阅读说明：本技术 用于小型钟表的机械钟表机构的带有菱形的横截面的平衡弹簧以及用于制造平衡弹簧的方法 (Balancing spring with a rhombic cross section for a mechanical clockwork of a small timepiece and method for producing a balancing spring ) 是由 H.沃尔弗利 B.辛德勒 M.施特莱彻 于 2018-06-19 设计创作，主要内容包括：用于小型钟表的机械钟表机构的带有菱形的横截面的平衡弹簧以及用于制造该平衡弹簧的方法。本发明涉及一种用于小型钟表的机械钟表机构的平衡弹簧,其中平衡弹簧实施为螺旋弹簧且具有卷旋横截面。根据本发明设置成,螺旋弹簧的卷旋横截面具有菱形的形状,其中菱形具有四个侧边、带有第一内角的两个第一角、带有第二内角的两个第二角、将两个第一角彼此连接的第一对角线、和将两个第二角彼此连接的第二对角线,其中第一对角线短于第二对角线,且其中第一内角大于第二内角。(Balance spring with a rhombic cross section for a mechanical clockwork of a small timepiece and method for producing the balance spring. The invention relates to a balancing spring for a mechanical clockwork of a small timepiece, wherein the balancing spring is embodied as a helical spring and has a convoluted cross section. According to the invention, it is provided that the spiral cross section of the helical spring has the shape of a rhombus, wherein the rhombus has four sides, two first corners with a first inner angle, two second corners with a second inner angle, a first diagonal connecting the two first corners to one another, and a second diagonal connecting the two second corners to one another, wherein the first diagonal is shorter than the second diagonal, and wherein the first inner angle is greater than the second inner angle.)

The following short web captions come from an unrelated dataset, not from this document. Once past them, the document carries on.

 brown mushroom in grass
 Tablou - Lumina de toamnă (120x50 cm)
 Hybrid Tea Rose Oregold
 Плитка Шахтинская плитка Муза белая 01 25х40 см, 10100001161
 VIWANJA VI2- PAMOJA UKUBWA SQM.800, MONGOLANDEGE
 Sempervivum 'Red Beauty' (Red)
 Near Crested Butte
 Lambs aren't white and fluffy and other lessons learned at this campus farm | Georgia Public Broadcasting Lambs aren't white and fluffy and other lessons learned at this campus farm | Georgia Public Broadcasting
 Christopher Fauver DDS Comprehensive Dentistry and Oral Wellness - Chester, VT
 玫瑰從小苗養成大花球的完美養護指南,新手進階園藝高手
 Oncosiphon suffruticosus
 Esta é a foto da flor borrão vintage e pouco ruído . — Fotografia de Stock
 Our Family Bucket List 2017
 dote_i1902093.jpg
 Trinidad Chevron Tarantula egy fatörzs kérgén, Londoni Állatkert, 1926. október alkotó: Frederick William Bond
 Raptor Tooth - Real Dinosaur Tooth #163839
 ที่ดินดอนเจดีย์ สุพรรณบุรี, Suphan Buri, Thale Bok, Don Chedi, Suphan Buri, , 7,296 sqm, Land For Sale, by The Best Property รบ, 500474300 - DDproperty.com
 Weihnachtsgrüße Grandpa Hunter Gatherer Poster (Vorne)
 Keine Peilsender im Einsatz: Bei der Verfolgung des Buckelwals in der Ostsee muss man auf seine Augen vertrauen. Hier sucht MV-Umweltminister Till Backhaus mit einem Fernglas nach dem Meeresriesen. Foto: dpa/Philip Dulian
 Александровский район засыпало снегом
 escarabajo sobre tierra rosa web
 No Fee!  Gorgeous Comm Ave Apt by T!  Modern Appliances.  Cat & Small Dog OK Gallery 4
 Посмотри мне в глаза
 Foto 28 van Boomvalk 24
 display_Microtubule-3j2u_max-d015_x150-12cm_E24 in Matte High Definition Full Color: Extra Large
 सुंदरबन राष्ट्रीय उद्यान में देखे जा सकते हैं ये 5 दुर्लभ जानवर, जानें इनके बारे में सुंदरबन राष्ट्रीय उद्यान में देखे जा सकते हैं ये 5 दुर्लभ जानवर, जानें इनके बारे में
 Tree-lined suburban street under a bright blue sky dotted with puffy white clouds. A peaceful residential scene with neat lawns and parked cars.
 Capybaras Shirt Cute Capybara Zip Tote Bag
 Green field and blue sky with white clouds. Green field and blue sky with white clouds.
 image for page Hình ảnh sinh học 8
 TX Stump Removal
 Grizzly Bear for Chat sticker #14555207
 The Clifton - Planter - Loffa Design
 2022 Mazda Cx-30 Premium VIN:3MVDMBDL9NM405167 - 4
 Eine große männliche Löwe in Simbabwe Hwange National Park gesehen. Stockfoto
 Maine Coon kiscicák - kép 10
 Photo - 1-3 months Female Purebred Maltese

1. A balance spring (1) for a mechanical horological mechanism of a small timepiece, wherein the balance spring is embodied as a coil spring and has a rolled cross section (2), characterized in that the rolled cross section (2) of the coil spring has the shape of a rhombus, wherein the rhombus has at least four sides (3), two first corners (4) with a first inner angle α, two second corners (5) with a second inner angle β, a first diagonal (6) connecting the two first corners to each other, and a second diagonal (7) connecting the two second corners to each other, wherein the first diagonal is shorter than the second diagonal, and wherein the first inner angle is larger than the second inner angle.

2. The balancing spring (1) according to claim 1, characterized in that the two second corners (5) connected to each other by the second diagonal (7) are cut off parallel to the first diagonal (6), so that the diamond shape has two additional sides (8).

3. The balancing spring (1) according to claim 2, characterized in that the spacing (9) between the two additional sides (8) is between 0.05mm and 0.2 mm.

4. A balancing spring (1) according to claim 2 or 3, characterized in, that the two additional sides (8) have a length between 0.01mm and 0.05 mm.

5. Balancing spring (1) according to any one of claims 2 to 4, characterized in that the length of the first diagonal (6) is between 0.03mm and 0.07 mm.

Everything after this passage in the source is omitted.